Все знают, что ближе к полтиннику мужчины медленно, но уверенно превращаются в развалины. И я сейчас больше об ощущениях и отношениях, хотя и в физическом смысле мы конечно же тоже уже немощные старики. О женщинах я такого не скажу, никогда не был в их шкуре.

И вот мы мечемся между минимализмом и метеоризмом, онанизмом и гедонизмом – ничего не спасает. Остается глотать таблетки и ждать окончания очередного невыносимо скучного дня.

Мне еще как-то повезло, мой активный жизненный цикл чуть притормозил на отметке 30—40 лет. Тогда казалось, вот оно – второе или даже двадцать второе дыхание: какие-никакие деньги, условная независимость и статус беспечного пьянчуги с веселым характером и творческой жилкой.

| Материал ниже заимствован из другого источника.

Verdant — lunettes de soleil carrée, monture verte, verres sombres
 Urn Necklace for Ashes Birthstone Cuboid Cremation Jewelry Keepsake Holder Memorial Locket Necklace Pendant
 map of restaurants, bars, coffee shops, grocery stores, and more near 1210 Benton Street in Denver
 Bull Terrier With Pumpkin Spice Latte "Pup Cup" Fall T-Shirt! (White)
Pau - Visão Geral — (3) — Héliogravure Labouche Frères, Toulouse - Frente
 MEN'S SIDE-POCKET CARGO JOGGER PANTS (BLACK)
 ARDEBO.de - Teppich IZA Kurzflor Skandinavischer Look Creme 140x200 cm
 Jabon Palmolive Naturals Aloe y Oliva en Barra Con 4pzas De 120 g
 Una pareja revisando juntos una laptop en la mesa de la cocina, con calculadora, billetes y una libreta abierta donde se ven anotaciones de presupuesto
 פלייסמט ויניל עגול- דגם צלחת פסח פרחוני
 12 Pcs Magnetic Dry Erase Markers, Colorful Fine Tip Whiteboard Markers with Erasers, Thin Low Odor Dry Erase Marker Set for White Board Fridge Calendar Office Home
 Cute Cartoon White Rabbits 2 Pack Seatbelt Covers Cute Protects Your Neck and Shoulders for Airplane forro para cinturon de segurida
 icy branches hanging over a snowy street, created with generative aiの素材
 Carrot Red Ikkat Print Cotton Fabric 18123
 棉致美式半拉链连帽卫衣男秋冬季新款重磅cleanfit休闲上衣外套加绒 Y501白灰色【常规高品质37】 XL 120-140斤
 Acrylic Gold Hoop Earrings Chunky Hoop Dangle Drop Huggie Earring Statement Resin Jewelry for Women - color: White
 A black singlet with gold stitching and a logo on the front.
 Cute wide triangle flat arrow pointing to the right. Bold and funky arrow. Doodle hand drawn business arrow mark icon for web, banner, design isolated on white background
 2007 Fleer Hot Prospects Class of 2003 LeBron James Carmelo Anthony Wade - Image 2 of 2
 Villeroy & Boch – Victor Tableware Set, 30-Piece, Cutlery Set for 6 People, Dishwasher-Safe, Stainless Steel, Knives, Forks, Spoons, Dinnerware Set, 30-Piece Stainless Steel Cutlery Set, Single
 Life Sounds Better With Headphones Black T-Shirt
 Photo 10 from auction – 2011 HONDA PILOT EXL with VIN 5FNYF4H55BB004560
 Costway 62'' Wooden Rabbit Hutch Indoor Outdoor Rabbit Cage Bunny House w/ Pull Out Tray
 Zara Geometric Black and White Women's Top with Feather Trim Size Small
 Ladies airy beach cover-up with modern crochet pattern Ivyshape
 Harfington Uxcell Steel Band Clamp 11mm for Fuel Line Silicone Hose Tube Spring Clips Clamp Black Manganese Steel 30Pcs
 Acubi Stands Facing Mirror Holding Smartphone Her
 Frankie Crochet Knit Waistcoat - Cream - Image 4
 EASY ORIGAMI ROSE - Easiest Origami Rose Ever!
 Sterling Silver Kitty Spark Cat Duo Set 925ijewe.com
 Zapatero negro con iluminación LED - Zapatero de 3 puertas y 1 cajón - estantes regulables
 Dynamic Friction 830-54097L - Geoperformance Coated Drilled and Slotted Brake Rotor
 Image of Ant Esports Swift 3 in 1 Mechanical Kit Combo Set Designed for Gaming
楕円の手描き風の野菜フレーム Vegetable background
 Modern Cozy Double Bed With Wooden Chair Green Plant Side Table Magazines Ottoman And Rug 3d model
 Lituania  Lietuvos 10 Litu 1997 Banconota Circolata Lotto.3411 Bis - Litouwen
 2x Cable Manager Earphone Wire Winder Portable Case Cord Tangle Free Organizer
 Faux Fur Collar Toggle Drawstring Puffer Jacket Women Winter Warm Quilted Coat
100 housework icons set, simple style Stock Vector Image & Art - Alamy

В тот вечер я гулял по Невскому. Направлялся в «Стокманн» или «Галерею» – поболтаться по магазинам, выпить кофе, киношку посмотреть. Нормальный день – кажется, среда. И вдруг я увидел себя в отражении витрины. Обычно я себе нравился, вроде как за модой следил и вкус какой-никакой имелся. Но тогда я увидел в витрине молодящегося смехотворно-нелепого старика – из тех, над которыми сам тихо посмеивался в каком-нибудь баре на Рубинштейна. Ну знаете таких – пузатых, в узких джинсах на толстую жопу. Они обычно попивают с уставшим видом бокальчик вина за барной стойкой, а потом подкатывают к пьяненьким малолеткам, чтобы нести им чушь. Сорокалетние мудаки-неудачники, всеми когтями цепляющиеся за молодость, которой у них не было. В тот день на Невском проспекте я с ужасом понял, что и сам такой же. ТАКОЙ ЖЕ. Холодный пот прошиб мое дряблое тело.

Я и женился, когда понял, что отгулял на полную катушку. Сели батарейки, а менять их уже не хотелось. В один прекрасный день я проснулся с диким похмельем, посмотрел на себя в зеркало, принял холодный душ и, если честно, так и написал в своем несуществующем дневнике: «Все, Роберт, хватит».

После пива перешли на финскую водку с лакрицей. Закусывали селедкой. И по мере того, как мы пьянели, и Заур все больше говорил, мне казалось, что рыбины в тарелке смотрят на нас пустыми очумелыми глазами. На меня напала икота.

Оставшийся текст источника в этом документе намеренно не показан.